- [Instructions to follow]: Return nothing but the lines from the one with "گزارش تصویری ازتشییع سردارجانباز شهیدپاکیزه" through the one with "Rock 'N' Roll" in the data below, word for word and without pictures.

- [Supplied information]:
________________

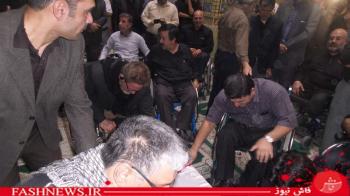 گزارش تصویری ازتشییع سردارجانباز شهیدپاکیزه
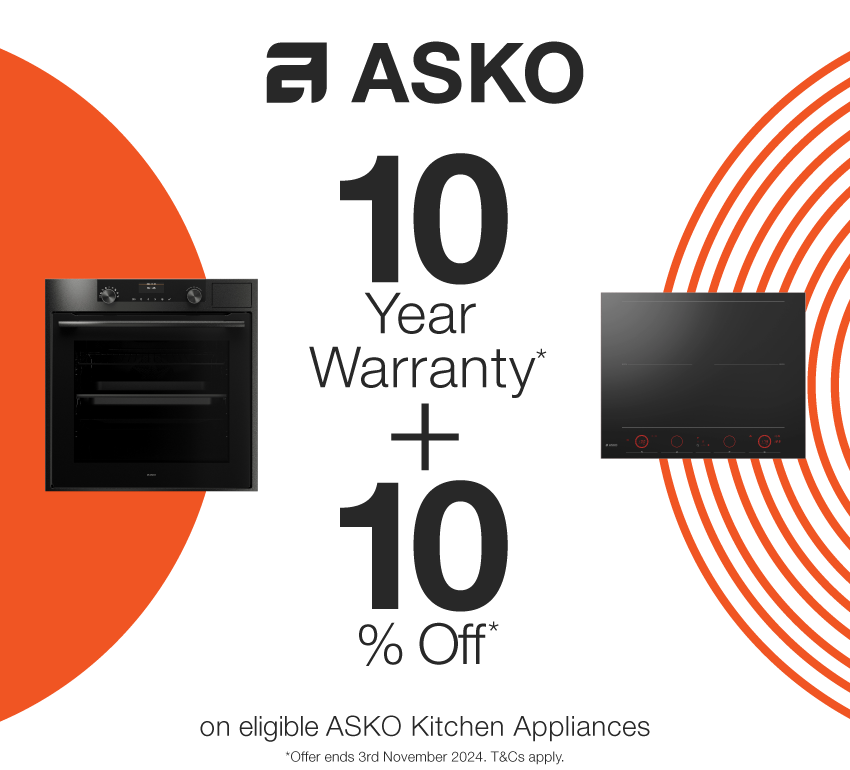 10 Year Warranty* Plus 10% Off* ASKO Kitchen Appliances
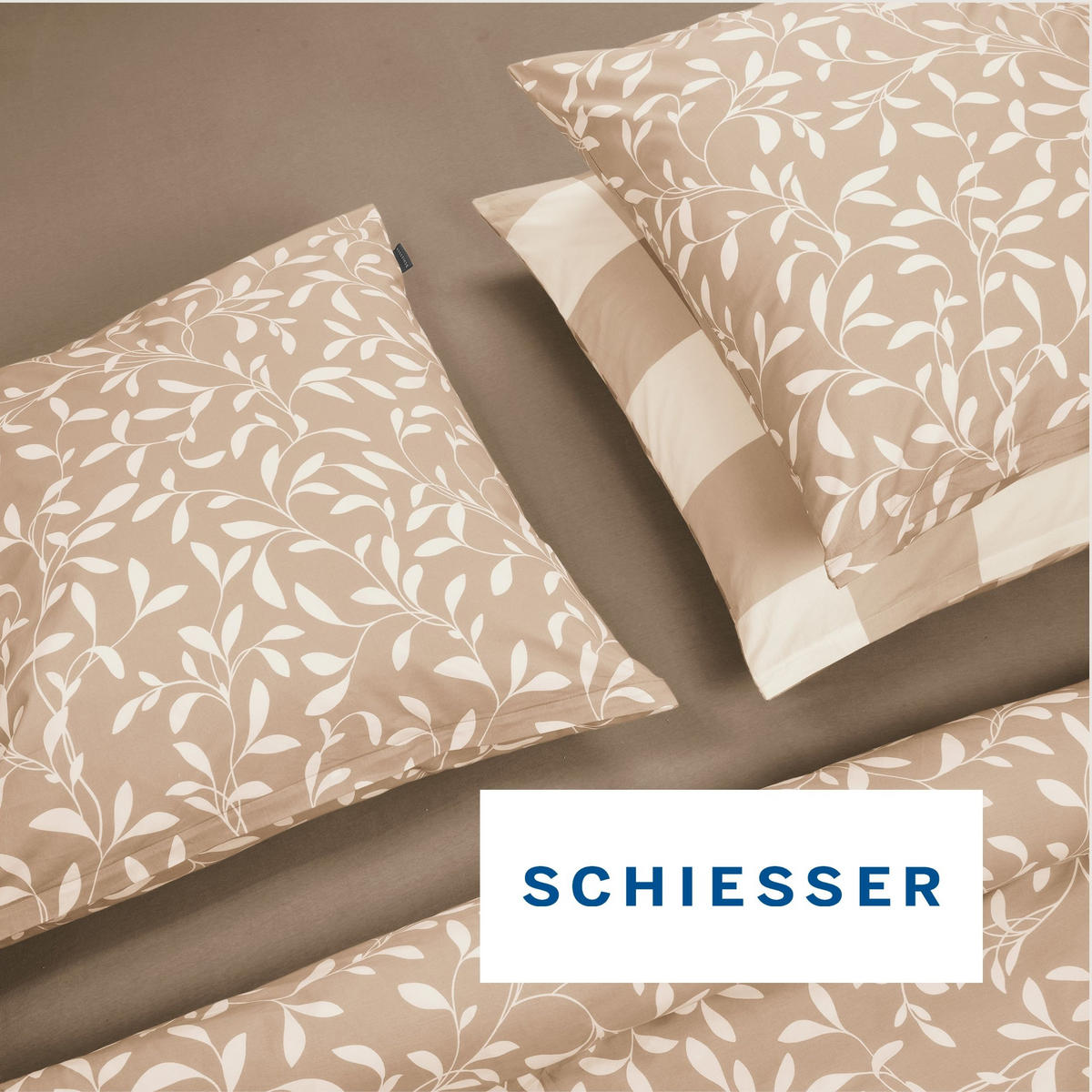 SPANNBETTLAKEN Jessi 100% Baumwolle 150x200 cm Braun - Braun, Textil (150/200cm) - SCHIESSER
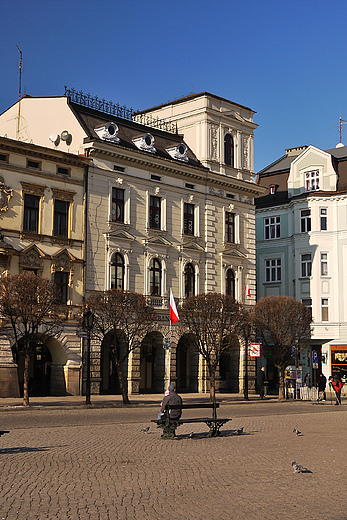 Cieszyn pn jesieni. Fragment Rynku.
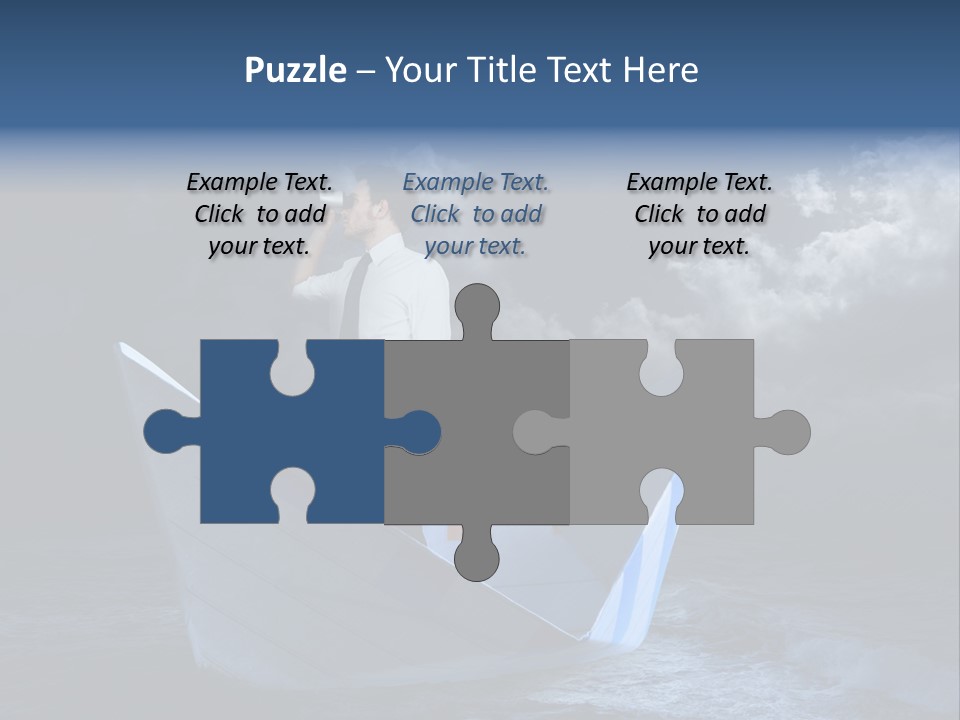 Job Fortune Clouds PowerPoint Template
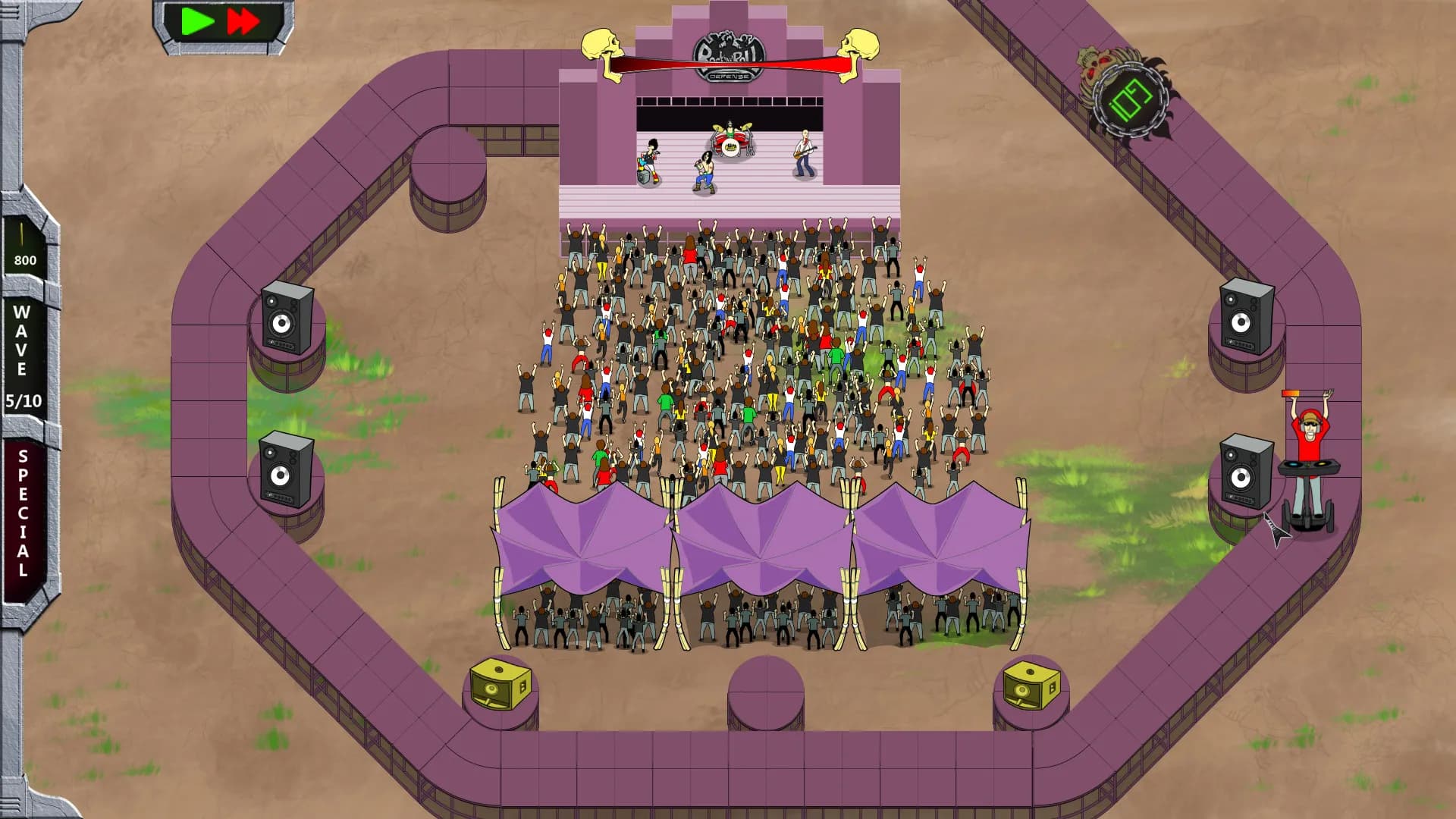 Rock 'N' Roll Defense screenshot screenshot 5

________________

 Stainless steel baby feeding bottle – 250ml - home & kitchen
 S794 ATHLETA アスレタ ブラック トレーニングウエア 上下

________________

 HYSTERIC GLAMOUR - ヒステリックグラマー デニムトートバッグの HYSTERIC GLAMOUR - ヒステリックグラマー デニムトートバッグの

________________

- [Task solution]:
 گزارش تصویری ازتشییع سردارجانباز شهیدپاکیزه
 10 Year Warranty* Plus 10% Off* ASKO Kitchen Appliances
 SPANNBETTLAKEN Jessi 100% Baumwolle 150x200 cm Braun - Braun, Textil (150/200cm) - SCHIESSER
 Cieszyn pn jesieni. Fragment Rynku.
 Job Fortune Clouds PowerPoint Template
 Rock 'N' Roll Defense screenshot screenshot 5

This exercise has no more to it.